**Problem description:**
Here is the task for the records below: repeat exactly the lines from the one with "Vineyards, Champagne, France" to the one with "4467 Witch Hazel", both included, and nothing else.
START Study material
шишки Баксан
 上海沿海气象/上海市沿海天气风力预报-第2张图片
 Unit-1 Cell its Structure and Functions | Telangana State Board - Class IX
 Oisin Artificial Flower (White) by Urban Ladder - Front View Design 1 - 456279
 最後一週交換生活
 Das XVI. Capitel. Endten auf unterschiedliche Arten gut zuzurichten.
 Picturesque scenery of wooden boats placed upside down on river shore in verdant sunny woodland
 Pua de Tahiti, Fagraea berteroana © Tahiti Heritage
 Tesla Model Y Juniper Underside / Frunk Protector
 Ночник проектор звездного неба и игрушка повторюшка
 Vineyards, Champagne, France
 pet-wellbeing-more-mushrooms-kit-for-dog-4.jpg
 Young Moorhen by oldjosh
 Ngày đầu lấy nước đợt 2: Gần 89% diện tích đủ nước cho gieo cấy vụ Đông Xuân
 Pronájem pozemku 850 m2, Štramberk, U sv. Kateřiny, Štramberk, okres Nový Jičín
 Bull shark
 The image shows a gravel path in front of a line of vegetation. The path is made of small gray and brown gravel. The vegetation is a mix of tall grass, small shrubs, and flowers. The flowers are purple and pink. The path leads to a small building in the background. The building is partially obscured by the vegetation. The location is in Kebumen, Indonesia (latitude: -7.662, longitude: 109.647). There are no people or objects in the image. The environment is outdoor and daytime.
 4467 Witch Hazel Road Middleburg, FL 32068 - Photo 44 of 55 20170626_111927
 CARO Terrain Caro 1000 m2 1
END Study material
**Solution to this exercise:**
 Vineyards, Champagne, France
 pet-wellbeing-more-mushrooms-kit-for-dog-4.jpg
 Young Moorhen by oldjosh
 Ngày đầu lấy nước đợt 2: Gần 89% diện tích đủ nước cho gieo cấy vụ Đông Xuân
 Pronájem pozemku 850 m2, Štramberk, U sv. Kateřiny, Štramberk, okres Nový Jičín
 Bull shark
 The image shows a gravel path in front of a line of vegetation. The path is made of small gray and brown gravel. The vegetation is a mix of tall grass, small shrubs, and flowers. The flowers are purple and pink. The path leads to a small building in the background. The building is partially obscured by the vegetation. The location is in Kebumen, Indonesia (latitude: -7.662, longitude: 109.647). There are no people or objects in the image. The environment is outdoor and daytime.
 4467 Witch Hazel Road Middleburg, FL 32068 - Photo 44 of 55 20170626_111927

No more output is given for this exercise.